Uma equipa internacional, que conta com a participação de cinco investigadores da Faculdade de Ciências e Tecnologia da Universidade de Coimbra (FCTUC), anunciou hoje à comunidade científica um surpreendente número de eventos registados pelo XENON1T, o sistema mais sensível de sempre na deteção de matéria escura.
A natureza destes eventos não está, porém, ainda totalmente deslindada, não se declarando por isso a descoberta da matéria escura. A sua assinatura é semelhante à produzida por quantidades residuais de trítio (um átomo de hidrogénio com dois neutrões e um protão no núcleo), mas pode ser também sinal de algo muito mais importante: a existência de um novo tipo de partícula denominado axião solar ou de propriedades até agora desconhecidas dos neutrinos.
O XENON1T esteve em operação entre 2016 e 2018 em Itália, no laboratório subterrâneo de Gran Sasso, debaixo de 1300 metros de rocha. Projetado para a deteção extremamente rara de matéria escura, este sistema de altíssima sensibilidade mostrou já conseguir registar outros eventos de muito difícil deteção. Por exemplo, no ano passado foi publicada na prestigiada revista Nature a medida direta conseguida com este sistema, pela primeira vez na história, do decaimento nuclear mais raro no universo.
O sistema XENON1T usa como alvo duas toneladas de xénon ultra-purificado. «Uma radiação ao passar pelo alvo pode gerar, em geral, sinais ínfimos de luz e carga. A esmagadora maioria destes sinais (mais de 99,9%) deve-se a radiações de origem conhecida, o que permite aos cientistas calcular com grande precisão o número de eventos esperado. E aqui observaram-se mais 22,8% eventos em relação ao previsto», diz José Matias-Lopes, investigador do Laboratório de Instrumentação, Engenharia Biomédica e Física da Radiação (LIBPhys) da FCTUC e coordenador da equipa portuguesa.
Uma possível explicação «terá a ver com a presença de trítio, um isótopo radioativo do hidrogénio. Alguns átomos de trítio em 10 biliões de biliões de átomos de xénon seriam o suficiente para justificar o excesso de eventos registados, mas não existe ainda forma de medir estas tão ínfimas concentrações e assim confirmar esta hipótese», esclarece.
Outra possibilidade, «muitíssimo mais interessante, é a existência de um novo tipo de partícula. De facto, o excesso de eventos observados tem energias similares às que se esperam para os axiões produzidas no sol», avança José Matias-Lopes.

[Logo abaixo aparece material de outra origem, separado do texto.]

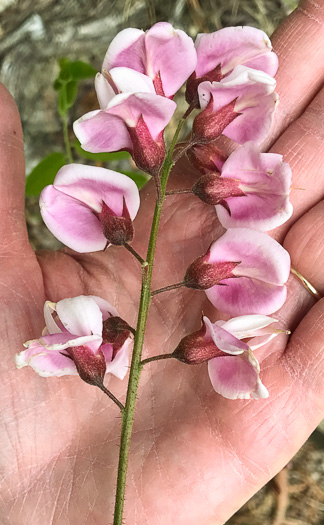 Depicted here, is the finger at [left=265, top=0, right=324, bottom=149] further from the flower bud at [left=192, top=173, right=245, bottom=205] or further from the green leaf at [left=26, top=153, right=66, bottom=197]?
the green leaf at [left=26, top=153, right=66, bottom=197]

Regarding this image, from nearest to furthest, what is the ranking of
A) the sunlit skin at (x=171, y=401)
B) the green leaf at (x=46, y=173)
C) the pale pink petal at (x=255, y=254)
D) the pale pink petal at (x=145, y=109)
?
1. the pale pink petal at (x=145, y=109)
2. the pale pink petal at (x=255, y=254)
3. the sunlit skin at (x=171, y=401)
4. the green leaf at (x=46, y=173)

Os axiões são partículas previstas teoricamente, tendo o sol condições para ser uma fonte intensa deles. Embora os axiões não sejam matéria escura, o seu avistamento seria o primeiro de uma nova classe de partículas cuja existência é solidamente apoiada pelos estudos teóricos. Esta descoberta teria um forte impacto no avanço do conhecimento, não só da Astrofísica, mas também da própria Física. Adicionalmente, os axiões produzidos no início do universo podem também explicar a origem da matéria escura.
A terceira e última explicação avançada para o excesso observado tem origem nos neutrinos, que passam aos biliões pelo nosso corpo a cada segundo, sem deixar rasto. A confirmar-se esta hipótese, o momento magnético (uma característica de todas as partículas) dos neutrinos teria de ser superior ao valor previsto pela teoria, o que obrigaria à necessidade de criar novos paradigmas e modelos físicos capazes de o explicar.
Das três explicações consideradas pelos cientistas da colaboração XENON, «a mais favorecida em termos estatísticos é a dos axiões solares, com uma probabilidade de cerca de 99,98% de que os sinais sejam desta origem. Mas mesmo com este elevado grau de probabilidade não se pode declarar descoberta», revela José Matias-Lopes.
As outras duas possibilidades, trítio ou neutrinos com maior momento magnético, têm também uma elevada probabilidade, cerca de 99,93% em ambos os casos, de estarem na origem do excesso observado.
«Avizinham-se por isso tempos de grandes avanços e de descobertas que levam a largos passos em frente no conhecimento da Humanidade», afirma o consórcio.
O consórcio XENON é constituído por 163 cientistas de 28 grupos de investigação dos EUA, Alemanha, Portugal, Suíça, França, Holanda, Suécia, Japão, Israel e Abu Dhabi. Portugal é parceiro desta colaboração desde o seu início, em 2005, através da equipa do LIBPhys da Universidade de Coimbra.